Healey’s office filed the complaint Thursday in Suffolk Superior Court and is seeking the court’s confirmation that the documents are public records, and that the police department is obligated to release them.
“Our state’s public records law is in place to ensure an open, accessible, and accountable government,” Jillian Fennimore, a spokeswoman for Healey, said in a statement. “That’s especially important when it comes to promoting public confidence in law enforcement.
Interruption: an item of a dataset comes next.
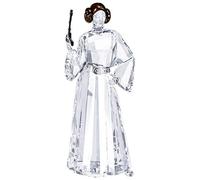 SWAROVSKI Star Wars Princess Leia Figurine Light Multi One Size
Following repeated failures by the Boston Police Department to produce these records, we are seeking an order from the Court that they must be turned over.”
A spokesman for the Boston Police Department declined to comment, citing pending litigation.
In a statement Thursday, Boston Mayor Kim Janey thanked Healey “for taking this step.”
“I greatly value the public’s right to know the actions of its government, and I recognize the need to protect the right to privacy for survivors of domestic violence and sexual assault,” Janey said in the statement. “I respect the judgment of the Office of the Attorney General, and I’ve instructed the City’s Law Department and our Director of Public Records to determine what can be released in this circumstance.”
The complaint stems from a public records request made by NBC10 in March for White’s internal affairs records. White had been placed on leave in February as previous domestic violence allegations against him surfaced shortly after former mayor Martin Walsh appointed him as commissioner.
When NBC10 did not get a response from the department for two weeks, the news outlet appealed to the Supervisor of Public Records, who then ordered the department to respond to the outlet’s request on two occasions in March and May, according to the Attorney General’s complaint.
The department did not comply with either order, the lawsuit says, and the supervisor referred the issue to theattorney general’s office.
In June, Healey’s office sent a letter to the department ordering the release of the records or provide an explanation of why they have been withheld.
A week later, on June 9, the department responded to NBC10′s initial request from March by providing one case file of 140 pages with redactions. The department said it was withholding two other case files — one that was 56 pages long and the other was 39 pages — arguing that the files pertained to allegations of sexual assault or domestic violence and were exempt from disclosure.
The attorney general’s office pushed back, arguing that the department could redact confidential information in the files.
“The Police Department has made no showing that the requested records cannot be redacted to conceal the identity of any victims, enabling the release of the records,” the complaint says.
The complaint also cites a pair lawsuits filed by the Globe seeking the release of White’s internal affairs records and those of other Boston police officers.
In her statement, Janey said her administration is looking for ways to respond to public records requests more quickly.
“It is also clear that both the Police Department and the City overall need to increase their ability to respond to public records requests in a timely manner,” she said.
It is not the first time Healey has gone to court to enforce the state’s public records laws.
In 2016, she sued district attorneys representing Plymouth and Worcester counties and the Cape and Islands for refusing to comply with an order from Secretary of State William F. Galvin’s office to give the Globe a list of cases they prosecuted. The case ended two years later when a Suffolk Superior Court judge sided with Healey’s office and ordered the records to be turned over.